Probablemente en un futuro se publiquen algunos textos inéditos. Ahora bien, esto se hará luego de que una serie de especialistas y sociólogos los revisen y den el visto bueno. Por cierto, resulta curioso que el libro sobre la migración en que estuvo trabajando todos estos años, su work in progress, llevase el bello título de Ítaca, que como señaló el poeta Cavafis, es la isla que todos salimos a buscar sin comprender que la hemos llevado siempre en nuestro interior. La biblioteca de mi padre es una Ítaca que está repleta hasta el techo de libros, de archivos y de papeles. Después de su muerte, yo intenté varias veces entrar, pero no tenía el valor suficiente hasta que una noche me atreví y duré hasta el amanecer hurgando entre sus cosas. Si hay un sitio donde descansa mi padre, es en esta biblioteca donde se sentaba a leer, a escribir, a pensar y a fumar, que no es un espacio suntuoso y organizado como se pudiera pensar, sino más bien el cuarto trasero de un apartamento. Me gusta pensar en su biblioteca como en esa isla donde él se refugiaba no para estar solo, sino para contemplar el mundo en perspectiva.
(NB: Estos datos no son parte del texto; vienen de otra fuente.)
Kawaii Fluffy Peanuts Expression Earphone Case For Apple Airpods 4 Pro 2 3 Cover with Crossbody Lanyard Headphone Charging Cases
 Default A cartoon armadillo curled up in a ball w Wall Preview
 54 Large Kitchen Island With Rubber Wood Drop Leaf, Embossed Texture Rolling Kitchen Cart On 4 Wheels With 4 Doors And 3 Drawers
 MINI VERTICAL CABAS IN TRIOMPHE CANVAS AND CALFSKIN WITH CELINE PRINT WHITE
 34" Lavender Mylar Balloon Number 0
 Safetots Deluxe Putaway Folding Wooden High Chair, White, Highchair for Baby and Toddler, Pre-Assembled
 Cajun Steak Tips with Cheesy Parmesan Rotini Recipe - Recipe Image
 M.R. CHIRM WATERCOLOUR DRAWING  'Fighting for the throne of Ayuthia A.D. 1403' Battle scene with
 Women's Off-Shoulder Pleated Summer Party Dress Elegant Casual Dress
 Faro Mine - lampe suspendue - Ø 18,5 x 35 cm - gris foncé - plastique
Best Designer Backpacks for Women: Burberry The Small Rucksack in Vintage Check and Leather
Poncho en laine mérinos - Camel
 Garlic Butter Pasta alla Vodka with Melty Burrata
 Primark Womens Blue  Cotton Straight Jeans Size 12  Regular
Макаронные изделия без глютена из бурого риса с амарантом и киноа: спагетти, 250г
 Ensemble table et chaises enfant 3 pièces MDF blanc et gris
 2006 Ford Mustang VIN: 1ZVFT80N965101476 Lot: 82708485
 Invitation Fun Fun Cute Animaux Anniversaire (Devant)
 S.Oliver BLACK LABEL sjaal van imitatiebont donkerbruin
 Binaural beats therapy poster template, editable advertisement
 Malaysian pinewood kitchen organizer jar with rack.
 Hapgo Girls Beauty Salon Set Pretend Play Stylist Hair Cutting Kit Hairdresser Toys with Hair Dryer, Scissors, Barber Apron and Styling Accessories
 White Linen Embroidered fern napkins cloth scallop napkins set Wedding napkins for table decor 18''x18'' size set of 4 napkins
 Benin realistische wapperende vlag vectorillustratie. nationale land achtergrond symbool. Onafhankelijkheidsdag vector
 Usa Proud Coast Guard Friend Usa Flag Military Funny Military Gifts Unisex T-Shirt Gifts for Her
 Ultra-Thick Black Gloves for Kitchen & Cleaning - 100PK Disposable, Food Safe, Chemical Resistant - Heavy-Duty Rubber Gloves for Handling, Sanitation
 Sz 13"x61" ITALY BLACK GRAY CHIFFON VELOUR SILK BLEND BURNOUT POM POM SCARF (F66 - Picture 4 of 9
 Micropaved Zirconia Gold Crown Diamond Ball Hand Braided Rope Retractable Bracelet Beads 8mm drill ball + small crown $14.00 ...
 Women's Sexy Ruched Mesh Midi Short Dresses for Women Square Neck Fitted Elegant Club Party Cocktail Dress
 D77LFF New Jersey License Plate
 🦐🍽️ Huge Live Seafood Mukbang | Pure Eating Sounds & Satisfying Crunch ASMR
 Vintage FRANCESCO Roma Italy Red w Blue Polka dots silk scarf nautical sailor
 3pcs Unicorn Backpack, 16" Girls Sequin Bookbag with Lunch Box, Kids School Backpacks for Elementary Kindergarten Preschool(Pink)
En estos días su biblioteca se ha convertido en otra isla, en la isla del tesoro. Cada vez que hurgo entre las cajas, los archivos, los papeles y los documentos, descubro una nueva joya. Siento como si mi padre se comunicara conmigo desde el más allá con las cosas que escribió en el pasado. Cuando veo los archivos que hizo sobre temas variopintos, tales como desalojos, migrantes dominicanos o viajes en yola, se me ocurre que los hizo en parte con el fin de que yo los usara para ambientar los cuentos y las novelas que he de escribir. Sin duda hay un lugar en el tiempo donde mi padre y yo nos estamos comunicando, un lugar donde no existe el pasado, el presente y el futuro, sino donde todo ocurre simultáneamente. No me estoy refiriendo a la eternidad, hablo más bien del poder que tiene la palabra escrita de sobrevivirnos y de entablar conversaciones a través del tiempo, es decir, esa posibilidad de que yo pueda leer cosas escritas por mi padre cuando era más joven que yo o lo que escribió poco antes de fallecer. Claro, esta comunicación solo es posible cuando uno cree en el poder mágico del lenguaje, y eso fue en esencia lo que mi padre me enseñó, el tesoro que enterró para que yo lo descubriera.